## Your goal
Your task is to transcribe all the entries exactly, excluding pictures.

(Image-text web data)
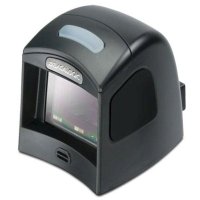 сканер штрих-кода Datalogic Magellan 1100i Kit Черный
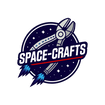 Space-Crafts.co.uk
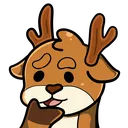 deerthink
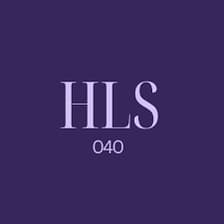 Profile picture for Hamburg Ladies Stroll
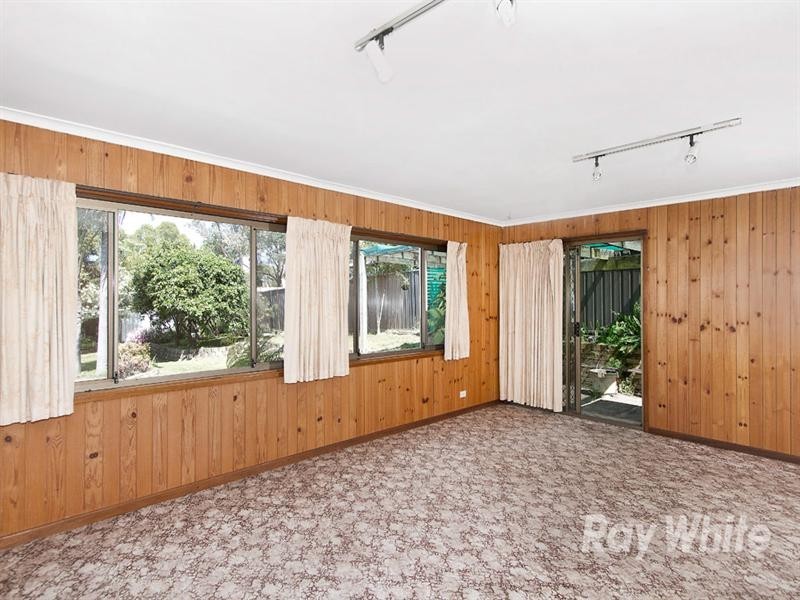 Blackalls Park NSW 2283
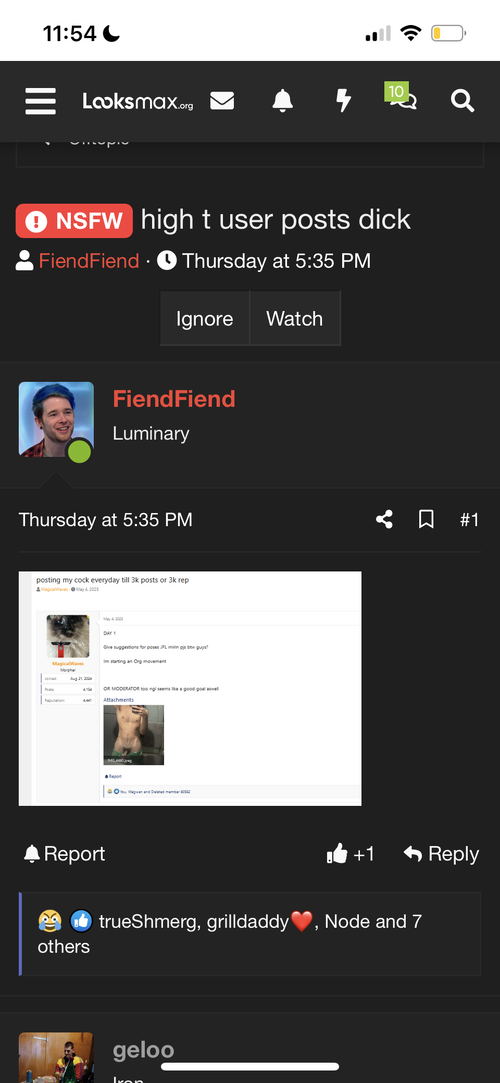 IMG_3274.png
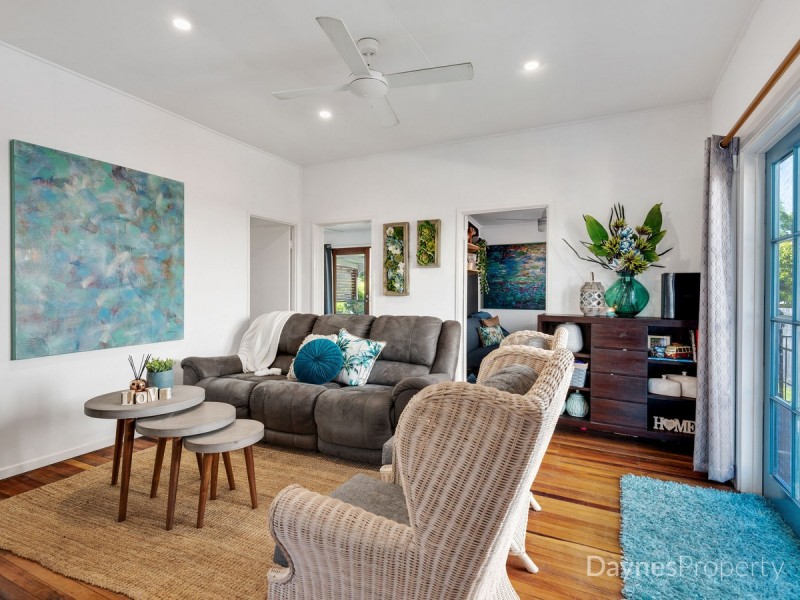 19 Sussex Road, Acacia Ridge QLD 4110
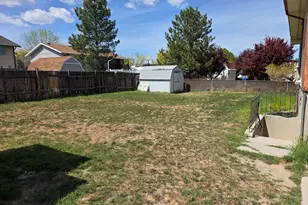 8738 S 3780 W, West Jordan, UT 84088 - Photo 17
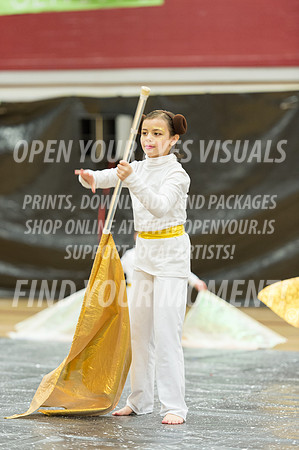 2016-Championships-RhapsoWiggles-37
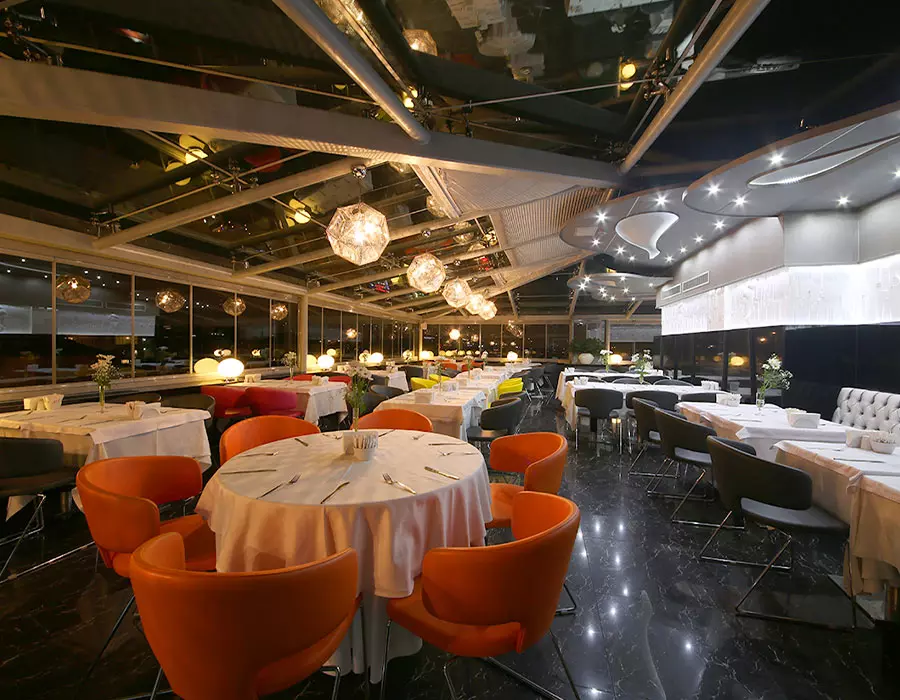 cartoonhotelistanbul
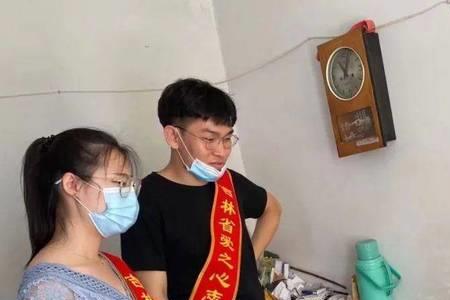 玛德医生月季优缺点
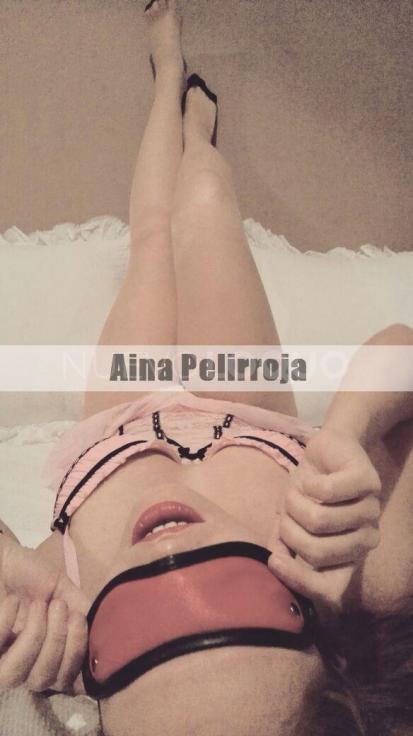 NuevoLoquo1
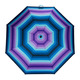 Print 94002 - Telescopic Umbrella - 0
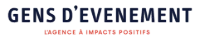 GENS D'EVENEMENT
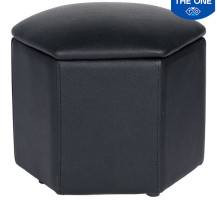 Ghế Sofa The One SF101A Ghế Sofa The One SF101A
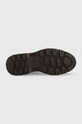 Обувки Gant St Grip 25643375.G24 бежов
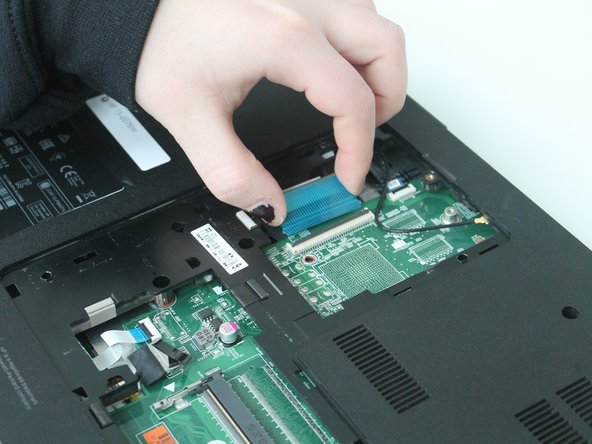 HP 15-d076nr Charge Port Replacement: crwdns2935265:014crwdnd2935265:03crwdnd2935265:03crwdne2935265:0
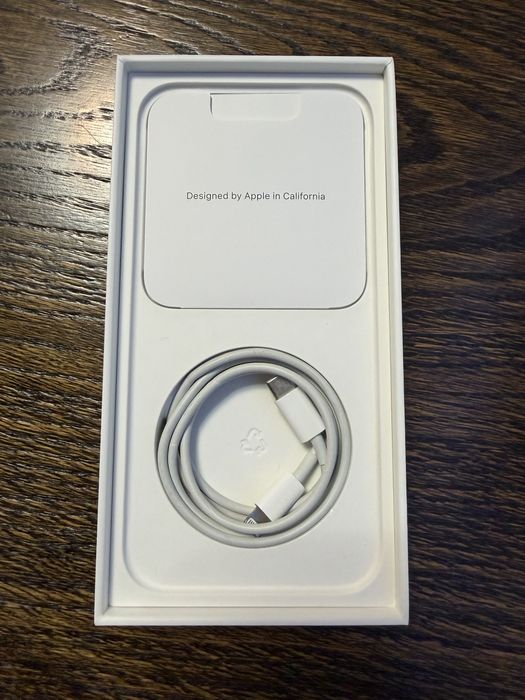 iPhone 14 Pro Max, Space Black, 128GB, eSIM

## Finished task
 сканер штрих-кода Datalogic Magellan 1100i Kit Черный
 Space-Crafts.co.uk
 deerthink
 Profile picture for Hamburg Ladies Stroll
 Blackalls Park NSW 2283
 IMG_3274.png
 19 Sussex Road, Acacia Ridge QLD 4110
 8738 S 3780 W, West Jordan, UT 84088 - Photo 17
 2016-Championships-RhapsoWiggles-37
 cartoonhotelistanbul
 玛德医生月季优缺点
 NuevoLoquo1
 Print 94002 - Telescopic Umbrella - 0
 GENS D'EVENEMENT
 Ghế Sofa The One SF101A Ghế Sofa The One SF101A
 Обувки Gant St Grip 25643375.G24 бежов
 HP 15-d076nr Charge Port Replacement: crwdns2935265:014crwdnd2935265:03crwdnd2935265:03crwdne2935265:0
 iPhone 14 Pro Max, Space Black, 128GB, eSIM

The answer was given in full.